Sammlung Gustav Stüve

Dauerausstellung

Der Sammler

"Meine Gemäldesammlung [...] war Gegenstand meiner besonderen Vorliebe und sorgsamen Pflege und sollte zufolge eines stets gehegten Wunsches nach meinem Tode dem Museum meiner Vaterstadt zufallen."
(Testament Gustav Stüves, Nachtrag vom 5. Oktober 1910)

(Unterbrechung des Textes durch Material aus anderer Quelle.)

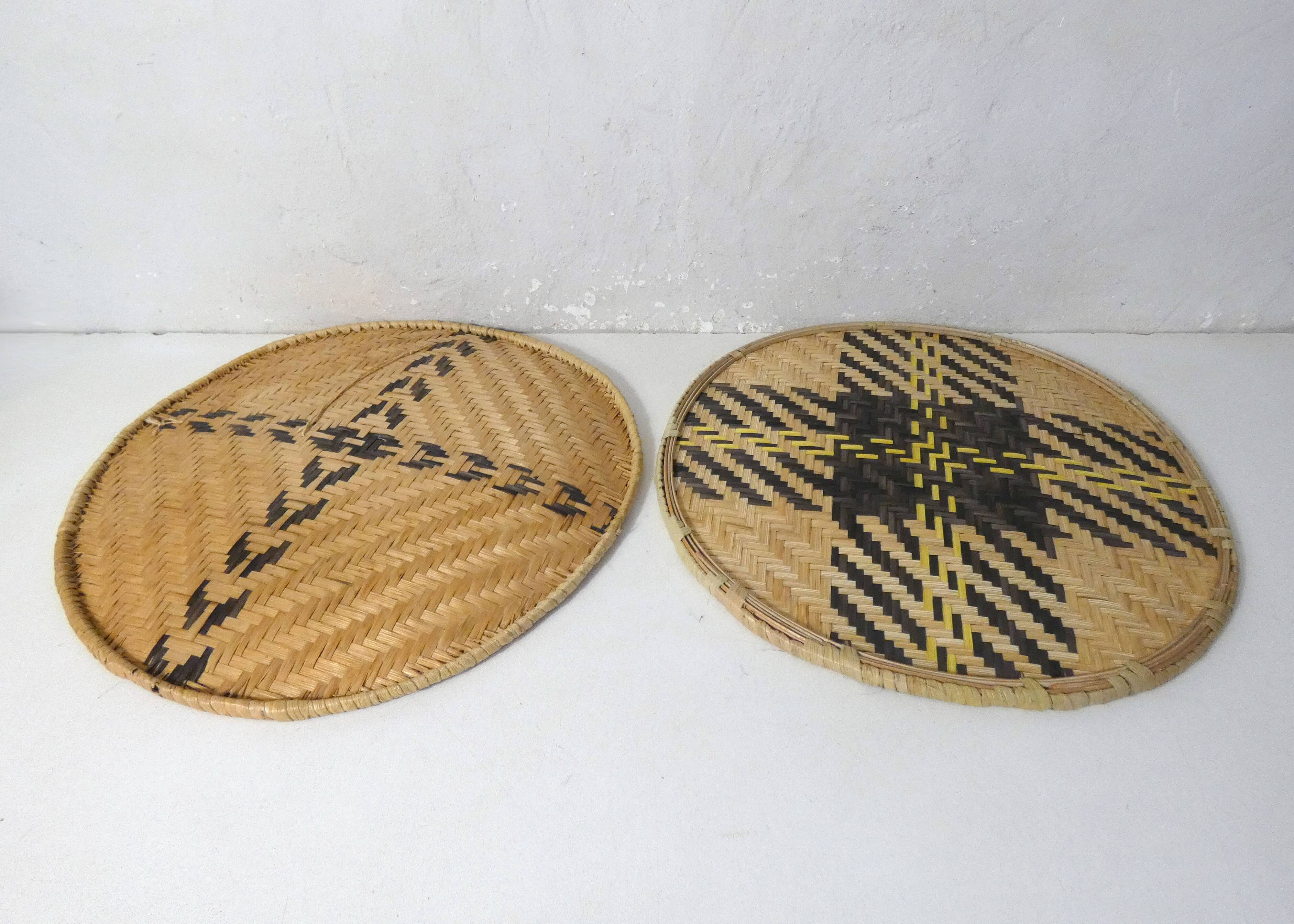Ethnic rattan and bamboo winnowing trays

Carl Wilhelm Gustav Stüve (1833 bis 1911) stammt aus einer traditionsreichen Osnabrücker Bürgerfamilie. Anders als mehrere seiner Vorfahren wurde er nicht Bürgermeister der Stadt, sondern wählte eine Laufbahn innnerhalb der hannoverschen und der preußischen Ministerialbürokratie. Sein beruflicher Werdegang führte ihn über Hannover nach Berlin, wo er unter anderem das Kaiserliche Patentamt leitete. Mit der Ernennung zum Osnabrücker Regierungspräsidenten am 19. Dezember 1887 kehrte Stüve in seine Geburtsstadt zurück, wo er bis 1900 wirkte.

Gustav Stüves Leben war von Beginn an geprägt durch Kunst. Aufgewachsen mit den zahlreichen Gemälden der Sammlung der Familie in der Krahnstraße 25, entwickelte er das einmal geweckte Kunstinteresse weiter, unternahm Bildungsreisen, begegnete Fachleuten und erwarb sich so ein umfassendes Fachwissen.

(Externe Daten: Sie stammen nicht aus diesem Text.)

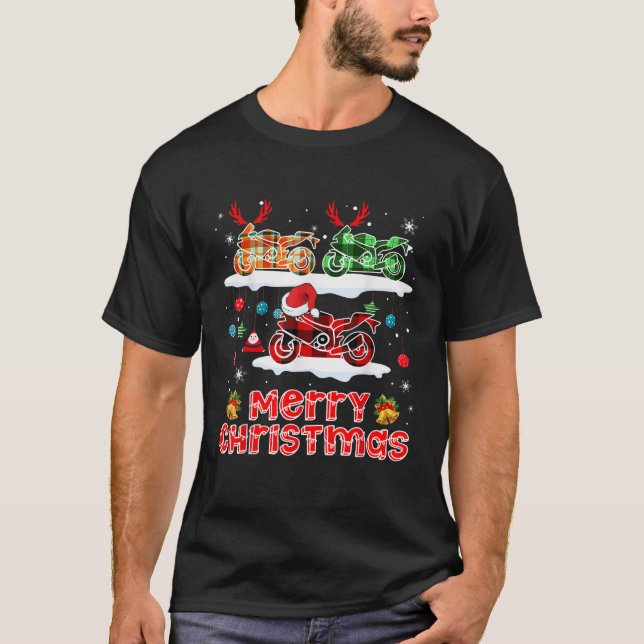 Merry Christmas Three Santa Reindeer Blanket Motor T-Shirt (Front)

Seinen Erbteil an der Familiensammlung (38 Bilder) erweiterte Stüve auf zuletzt 70 Gemälde. Als zentral erwiesen sich dabei seine Berliner Jahre (1868 bis 1887). In Berlin pflegte er intensiven Kontakt zu Wilhelm von Bode (1845 bis 1929), einem der maßgebenden Kunsthistoriker, und wurde Teil der diesen umgebenden Kunstszene. Bode selbst vermittelte Stüve mehrere Gemälde, kaufte in dessen Auftrag Bilder und überließ ihm Stücke der eigenen Sammlung.

Die als Privatsammler erworbenen Kenntnisse nutzte Stüve bei der Weiterentwicklung des Osnabrücker Museums, dem er seit 1888 als Vorsitzender des Museumsvereins wichtige Impulse verlieh. Ansporn dafür waren nicht zuletzt Äußerungen wie die des Direktors der Hamburger Kunsthalle, Alfred Lichtwark (1852 bis 1914), der nach seinem Besuch des 1890 errichteten Osnabrücker Museumsgebäudes meinte, man habe viel Geld dafür ausgegeben, "um einigen schlechten Bildern, einigen zweifelhaften alten Tellern und Truhen Unterkunft zu geben".

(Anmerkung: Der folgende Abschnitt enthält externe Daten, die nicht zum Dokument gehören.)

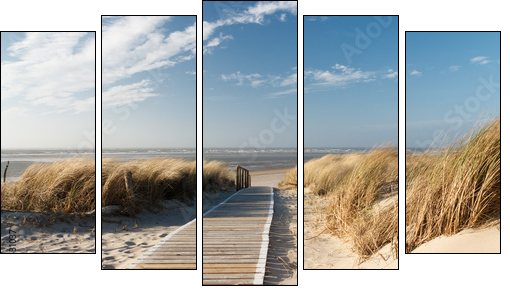 Nordsee Strand auf Langeoog - Fünfteiliges Leinwandbild, Pentaptychon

Den Anspielungen auf eine fehlende attraktive Kunstsammlung begegnete Stüve schon von Berlin aus, indem er mithalf, Leihgaben aus den preußischen Gemäldesammlungen nach Osnabrück zu holen. Für die entscheidende Weichenstellung sorgte er schließlich, als er seine Privatkollektion stiftete.

 

Literaturtipps - Sammlung Gustav Stüve

  • Heese, Thorsten: "Gegenstand meiner besonderen Vorliebe". Die Gemälde der "Sammlung Gustav Stüve" im Kulturgeschichtlichen Museum Osnabrück (Osnabrücker Kulturdenkmäler; 15), Osnabrück-Bramsche 2013
  • Hildegard Kayser: Niederländische und flämische Malerei des 16. und 17. Jahrhunderts, Osnabrück 1983

(Pressetext der Stadt Osnabrück)

Die Sammlung

Eine wechselvolle Geschichte

Die "Sammlung Gustav Stüve" ist Teil einer größeren Gemäldekollektion, zu der Johann Christoph Wöbeking (1680-1770), Leibarzt des Osnabrücker Fürsten und Bischofs, den Grundstein legte.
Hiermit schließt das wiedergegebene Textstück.